Die Stadtteilschulen haben ihre Oberstufen ausgebaut, führen immer mehr Kinder zum Abitur. Auch die Zahl der Schüler ganz ohne Abschluss hat sich binnen zehn Jahren fast halbiert. Die Bildungsbeteiligung wächst also. Es gibt sehr erfolgreiche Stadtteilschulen, die Orte innovativer Pädagogik sind. Und dass diese Schulform so viele Abiturienten hervorbringt: ein grandioser Erfolg, der der Prog­nosekraft der ach so begehrten Gymnasialempfehlung Lügen straft.

Und doch sehen immer mehr Eltern das klassische Gymnasium als rettendes Ufer, an das zu gelangen für ihre Kinder überlebenswichtig scheint. Und der Staat macht ihnen eine Art unmoralisches Angebot: Schickt doch eure Kinder dorthin, wo es weniger Probleme gibt. Wo es so eine Option gibt, wird sie auch genutzt – dass wir in unserer Gesellschaft alle miteinander klarkommen müssen, dass Vielfalt eine Bereicherung ist, wird dabei verkannt.

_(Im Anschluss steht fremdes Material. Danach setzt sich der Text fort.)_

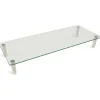 Discount Mount-It! Glass Monitor Riser, 22" Wide, Clear (MI-7263)
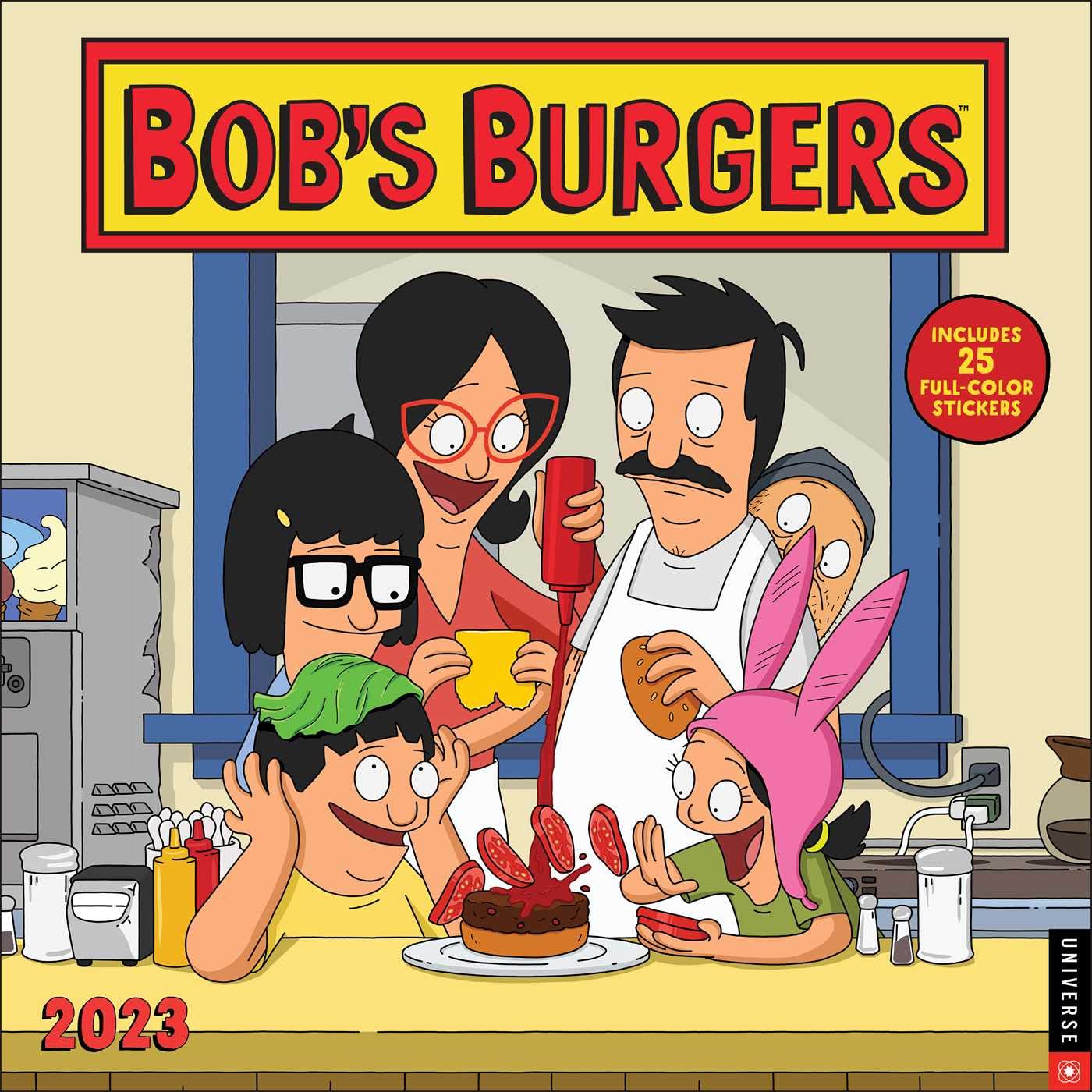 Bobs Burgers 2023 Wall Calendar Calendars Bobs Burgers 2023 Wall Calendar Calendars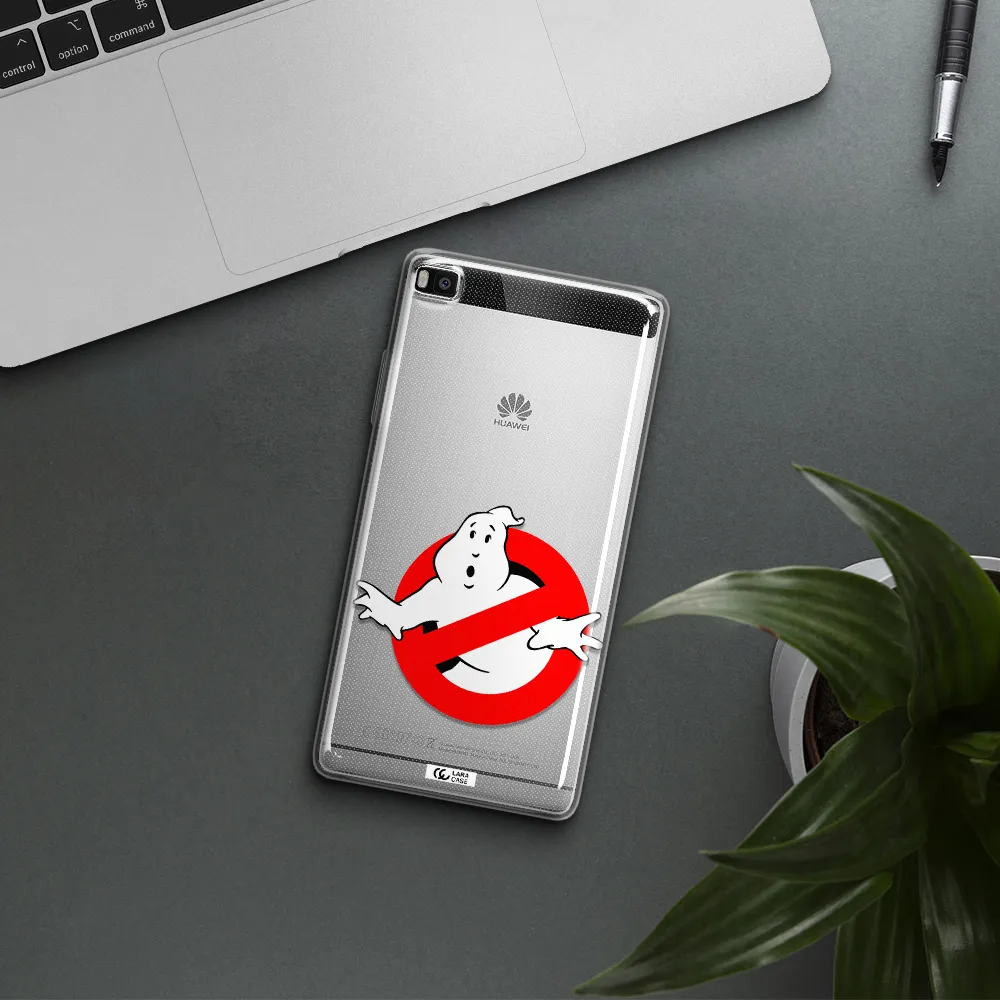 Entry Of Ghosts Is Prohibited Huawei P8 Clear TPU Case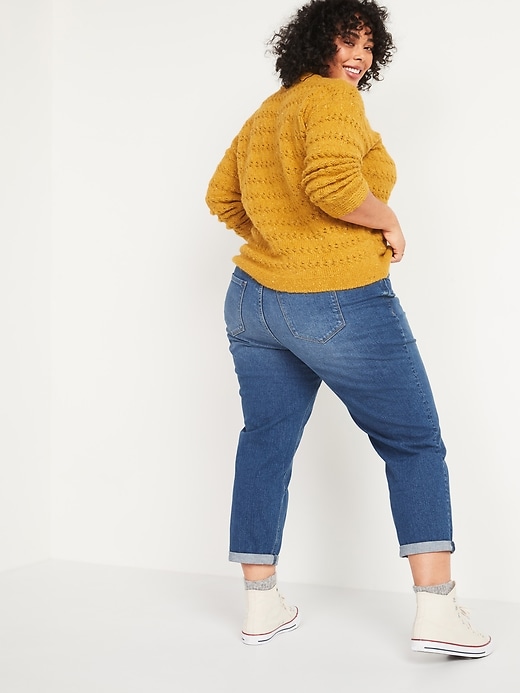 Image number 2 showing, Mid-Rise Boyfriend Straight Plus-Size Jeans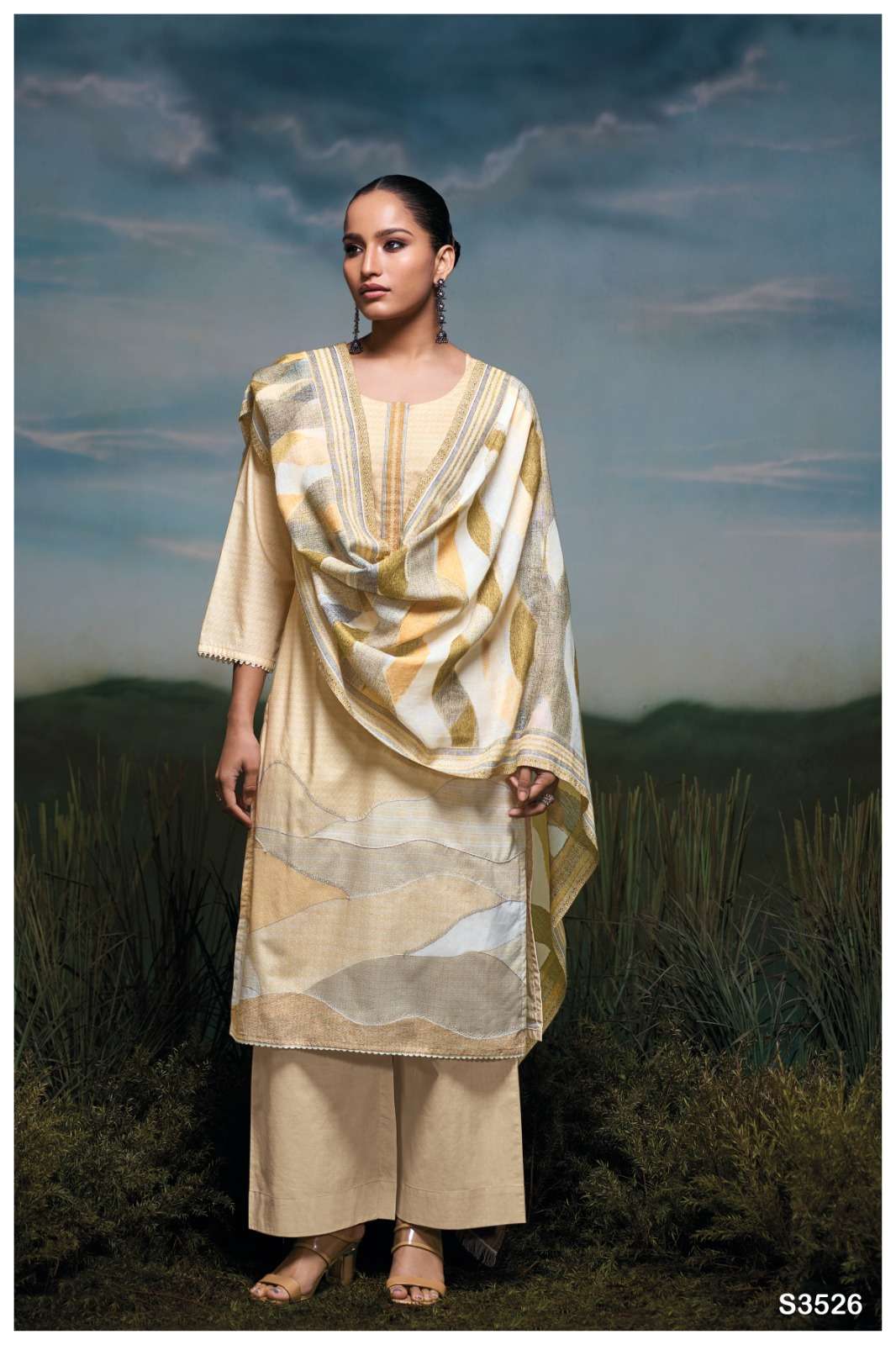 Ganga Fashion Nathaly 3526 Exclusive Premium Designs Cotton Suit Collection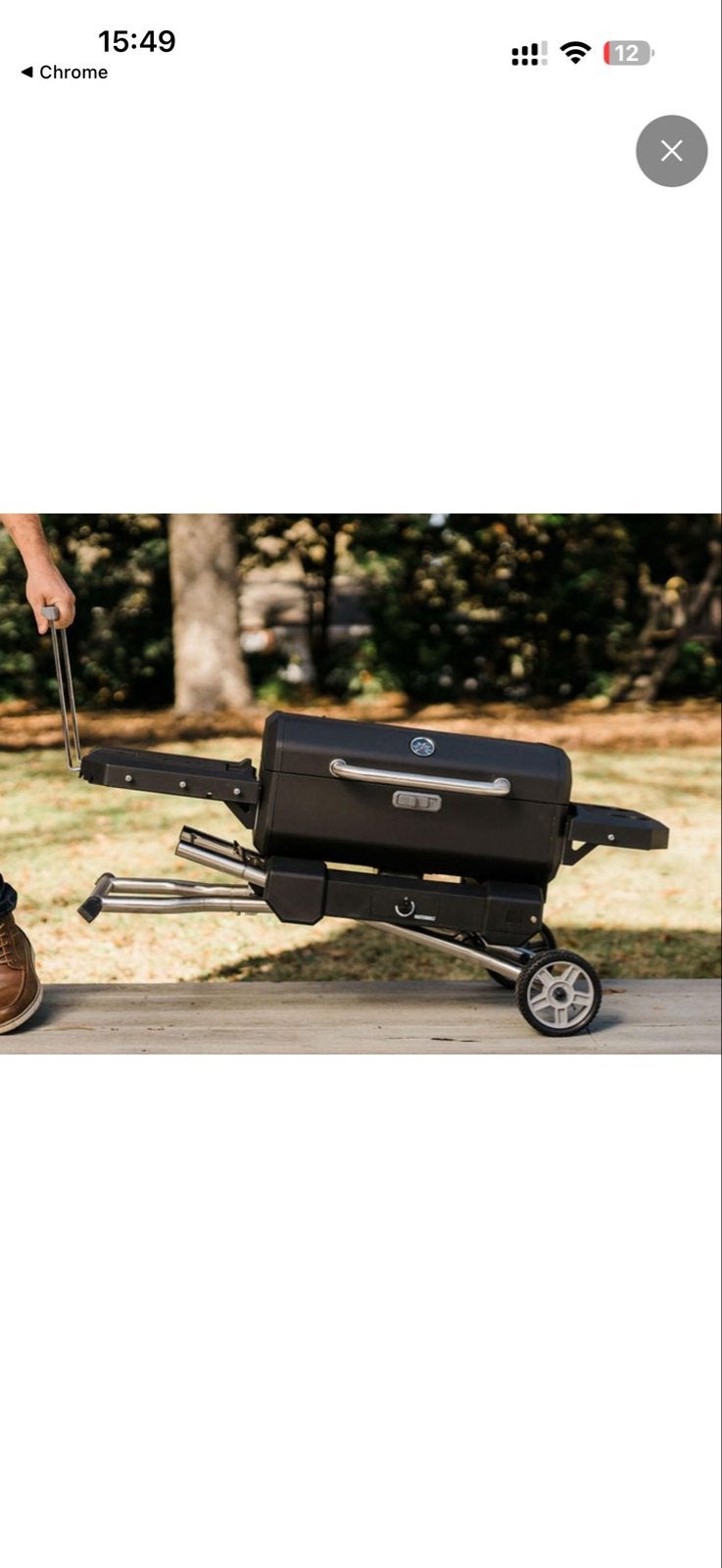 Masterbuilt Houtskool Grill & Smoker - Draagbaar, Ophalen of Verzenden, Zo goed als nieuw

Hinzu kommt: Die Stadtteilschule ist in einer unglücklichen Position. Denn noch immer gibt die Gymnasial-Lobby um den einstigen Primarschul-Schlächter Walter Scheuerl politisch den Ton an. Mit CDU und FDP schießt sich ein Teil der Opposition auf die noch junge Schulform ein – und schont das Gymnasium. Und die rot-grüne Regierung macht keine linke Schulpolitik. Dafür steigt der Druck, auch an den Stadtteilschulen wieder mehr getrennt zu unterrichten, statt individuell zu fördern. Kleine Quasi-Gymnasiumskurse sollen die begehrte Klientel anlocken.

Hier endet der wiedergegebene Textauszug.